Le Favole sottolineano il radicale ermafroditismo del movimento immaginativo: il suo costante ficcarsi dove non è richiesto, nel pieno di ogni sprogetto. Un tale movimento non fa uso di identità̀ alcuna, ma le disarma tutte, inseguendo quella che è forse la condizione primaria di ogni vicenda metamorfica: il discendere verso una regione ignota, il portare l’immagine di sé al mancamento. Sapersi non compiuti o mal-formati è una delle nostre ossessioni più frequenti: invece che farne il centro di una sciatta superstizione generazionale, bisognerebbe considerarla il punto di partenza, ciò che disinnesca l’inerzia della prima natura -del naturalismo- per iniziarci all’inumano – ovvero per compenetrarlo. «Rami, radici, profondità, altitudini»… non soltanto assistiamo a questa mescola di forze che è il mondo: siamo questa mescola.

«E il diluvio, la bibbia bianca?» «Avrebbe dovuto lavare via tutto. Ma per favore, non
discorriamone mai più». Questa è la conclusione di Favole: quasi un invito a dimenticare o a non pronunciare più alcuna parola…

…oppure uno scongiurare l’idea dell’estinzione, fenomeno che tormenta la nostra immaginazione come un «miasma». Sarebbe più interessante muoversi altrove: produrre insorgenze contro il morire del giorno, abbattere il paravento che separa i diversi tempi, risvegliare quanto si credeva defunto attraverso quella che da qualche tempo chiamo un’archeologia del possibile. La conclusione delle Favole è anche un invito ad evitare le lusinghe dell’attualità: prestare giuramento al mondo non significa sposare una quotidianità straparlata, ma piuttosto lacerare il tessuto del presente affinché il transito delle immagini diventi più agevole.

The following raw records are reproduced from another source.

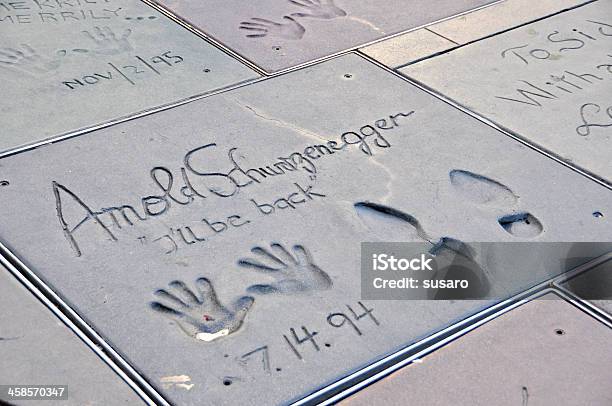 Arnold Schwarzenegger La Mano De Impresión Foto de stock y más banco de imágenes de Arnold Schwarzenegger - Arnold Schwarzenegger, Actor, Arte cultura y espectáculos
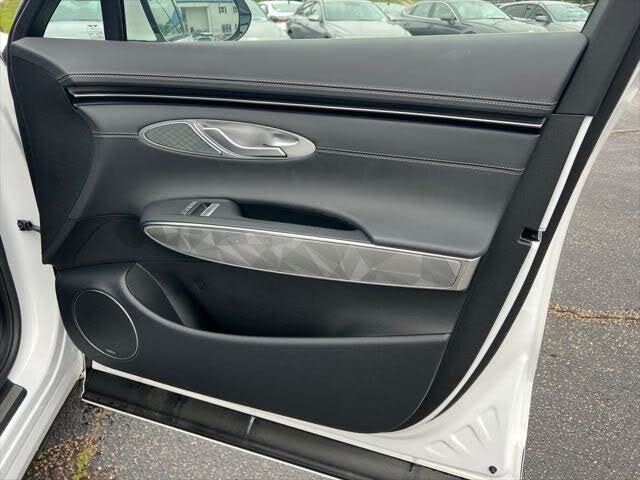 2025 Genesis GV70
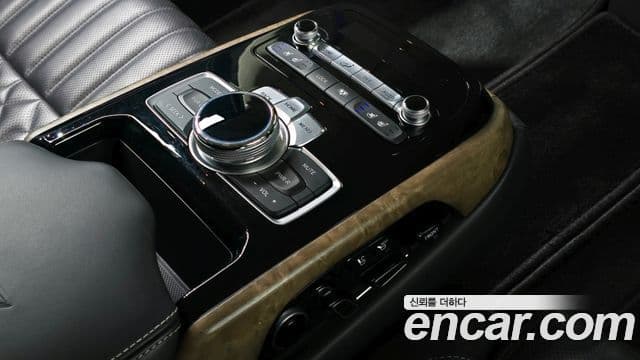 Genesis G90 лимузин Prestige, 2019 19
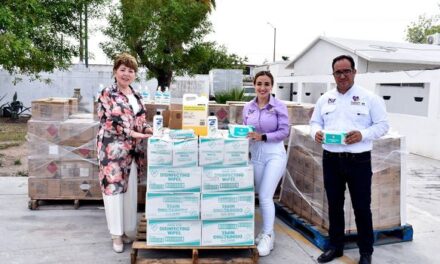 RECIBE SISTEMA DIF DONACIÓN DE GEL ANTIBACTERIAL, TOALLITAS HÚMEDAS Y DESINFECTANTE.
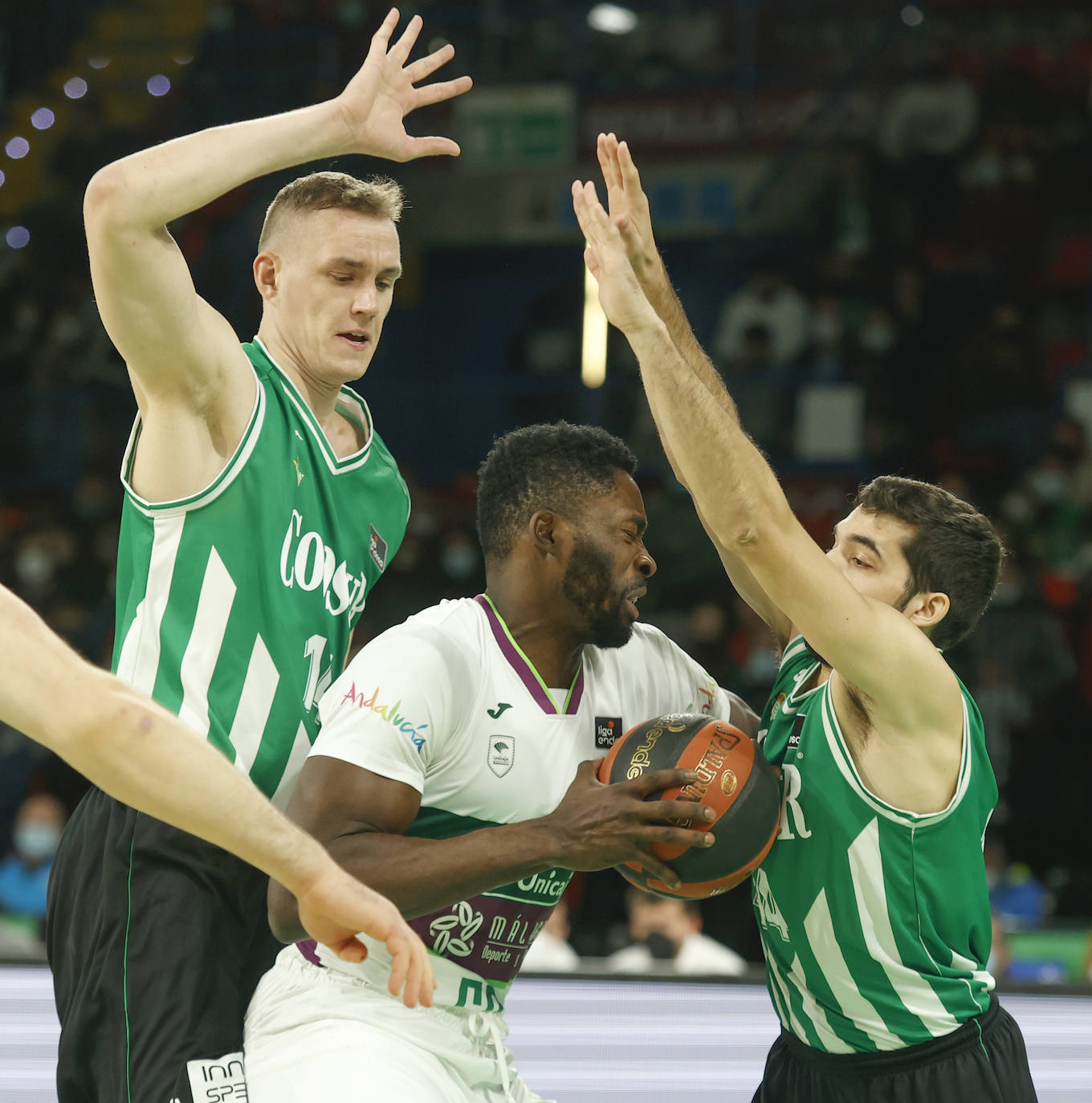 Las mejores imágenes del partido disputado este domingo en Coosur Betis y Unicaja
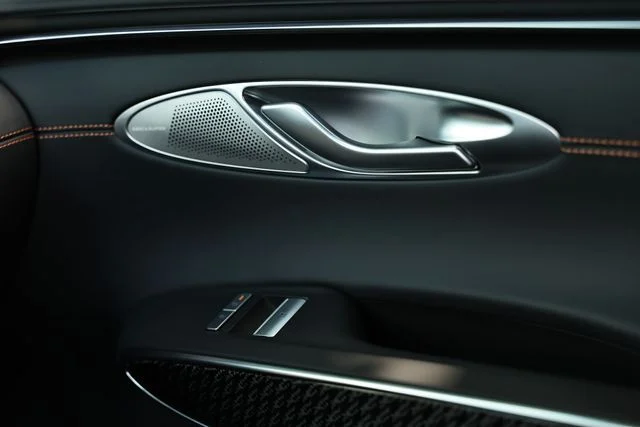 New 2026 Savile Silver Genesis 3.5T Sport Prestige image 39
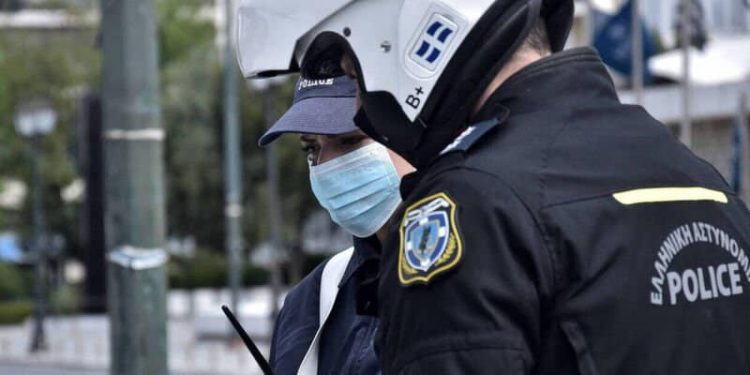 Policia greke ka një njoftim të rëndësishëm për shqiptarët e bllokuar nga emergjenca e koronavirusit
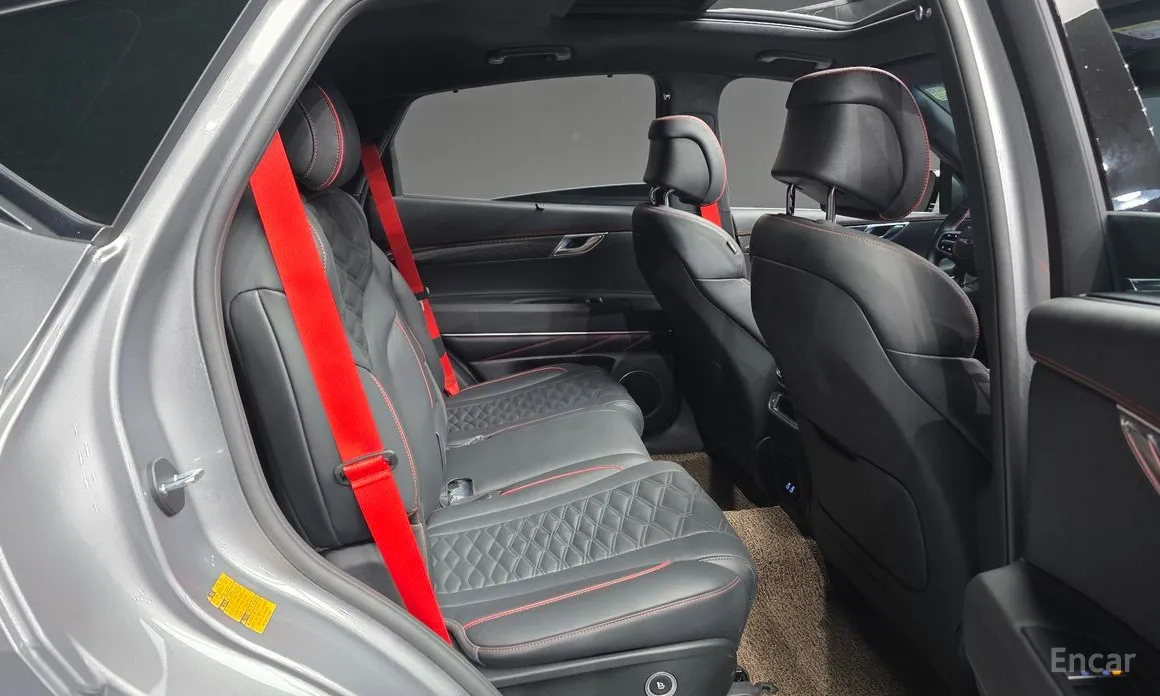 Фото 12 - Genesis GV80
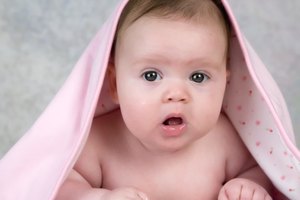 Las bacterias en la miel pueden ser dañinas para los sistemas digestivos poco desarrollados de los niños.
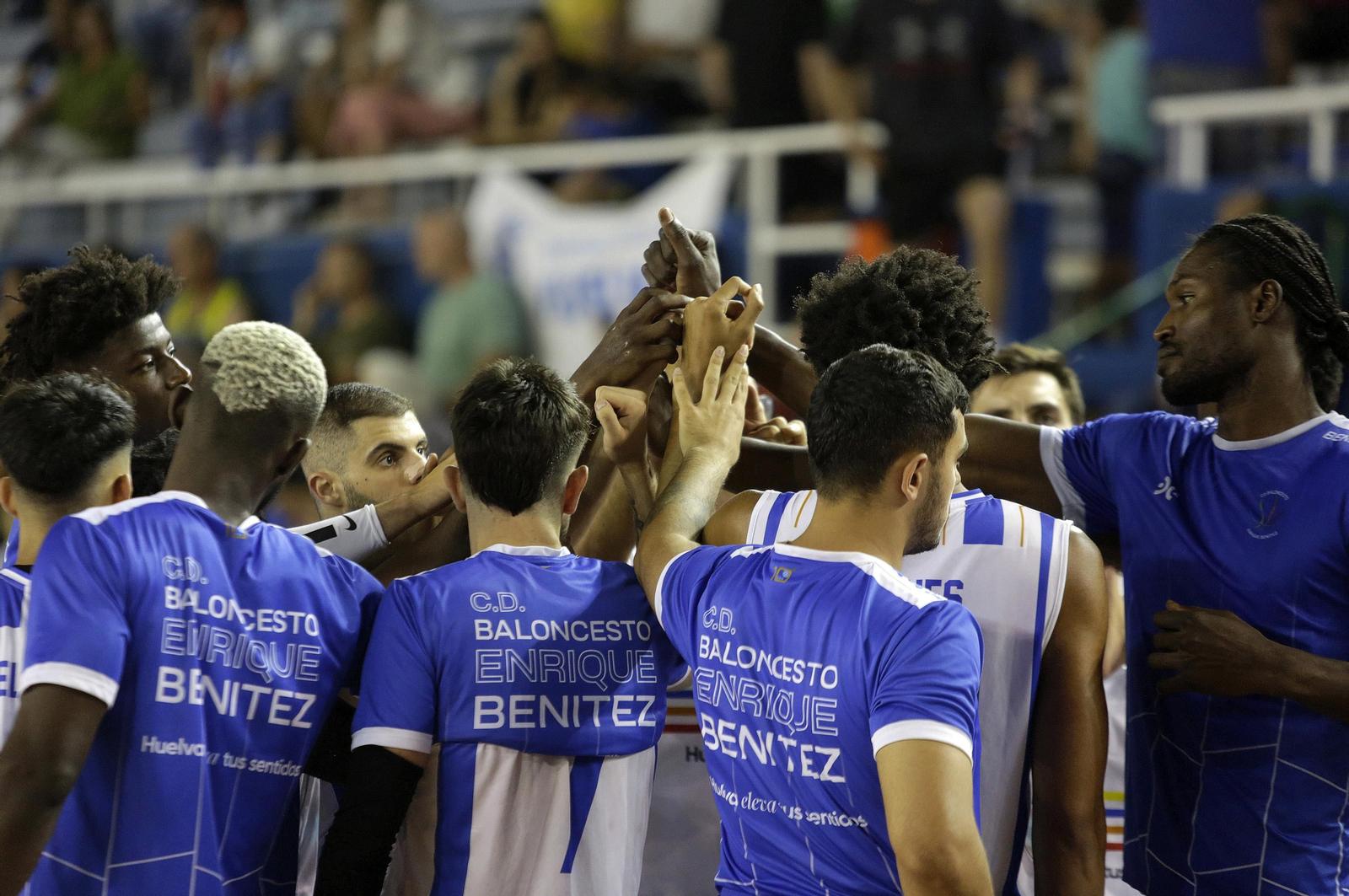 Imágenes del UE Mataró-Huelva Comercio en el Andrés Estrada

Questo pensiero caratterizza tutto il progetto delle Edizioni Volatili, concepito con Giuditta Chiaraluce a partire dalle Favole. Ogni libro è un’arca, un uovo, «il minimo necessario ad un ricominciare», come direbbe Gilles Deleuze a proposito delle isole deserte. Isola e isole sarà anche il nome della seconda collana delle Edizioni Volatili…

 

 

Biografie

Giorgiomaria Cornelio (Macerata, 1997) ha fondato insieme a Lucamatteo Rossi l’atlante “Navegasión”, inaugurato con il film “Ogni roveto un Dio che arde” durante la 52esima edizione della “Mostra Internazionale del Nuovo Cinema di Pesaro”. È curatore del progetto di ricerca cinematografica “La Camera Ardente”, e redattore di “Nazione Indiana”. Suoi interventi sono apparsi su “Le parole e le cose”, “Doppiozero”, “Il tascabile”, “Antinomie” e “Il Manifesto”. Ha vinto il “Premio Opera Prima” e il “Premio Bologna in Lettere” con con la raccolta “La Promessa Focaia” (Anterem), ed è stato finalista al “Premio Montano”. Studia al Trinity College di Dublino.

 

 

Giuditta Chiaraluce è nata a Montecassiano (MC) il 12 agosto 1966. Collabora con la casa editrice Quodlibet, Giometti e Antonello, Affinità Elettive, la rivista del Touring. Cura l’immagine per il festival di teatro indipendente Utovie Teatrali di Macerata, per il Festival di Storia Contemporanea di Ancona, per la Rassegna Estiva di Nuova Musica e altri eventi culturali. Ha ideato il progetto di esoeditoria Edizioni Volatili insieme a Giorgiomaria Cornelio.